On August 14, 1968, Elmo Roper was interviewed by Bob Carlson, director of public opinion research for Standard Oil Company, as part of an intended series of AAPOR/Roper Center interviews with leading figures in polling. Over the course of nearly two hours, Roper spoke candidly about the origins of market and public opinion research, his work for Fortune magazine, the war years, the 1948 election fiasco, and much more. Rich with insight and anecdote, this conversation shed light on the factors that affected the development of public opinion research in its early years.
The recordings from that interview are now available below.
Roper discusses his beginnings at the Traub company and the founding of a new company with Richardson Wood and Paul T. Cherington. He describes the first time he heard the term “market research” from Wood.
Roper discusses the birth of “public opinion” work in a survey done for a water company in Savannah and the founding of the Fortune Survey under their auspices.
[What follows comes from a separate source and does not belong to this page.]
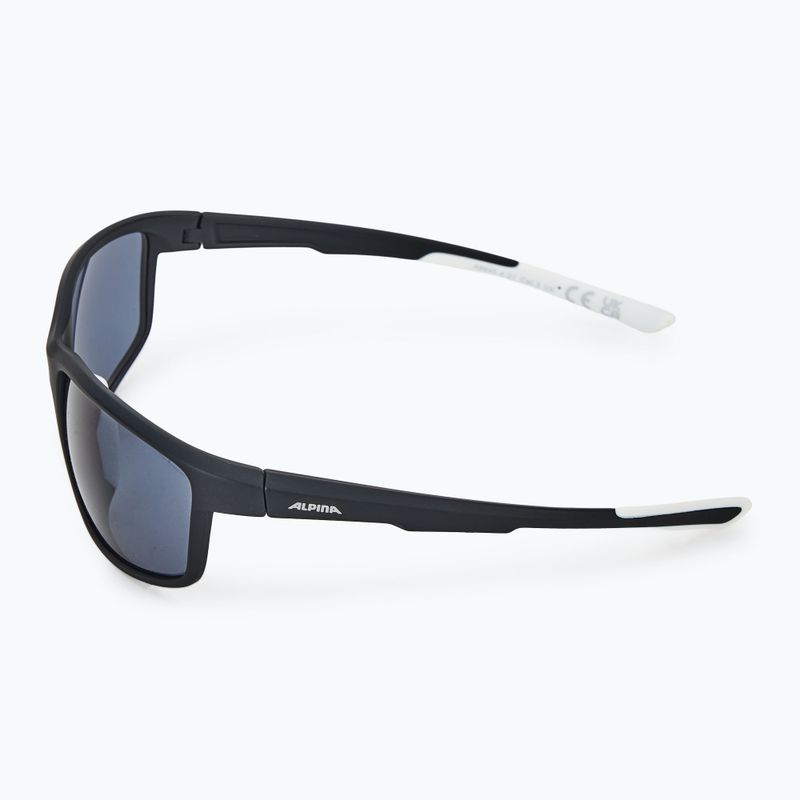 Akiniai nuo saulės Alpina Defey black white matt/ black 4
The Fortune Survey and Gallup formed the first “scientific” attempts at sampling in 1935. In 1936, the third major polling outfit was born when Archibald Crossley was hired by Hearst Publications to conduct polls.
During the 1936 election, Roper’s success overcame newspapers’ skepticism of the new polling techniques and made the industry viable in the eyes of the public. Questions of survey design and question wording were already becoming an area of focus.
Roper describes the dissolution of Wood, Cherington and Roper, as well as his hopes for polling to be an educational guide and a tool for investment bankers to judge likely successes and failures in new products.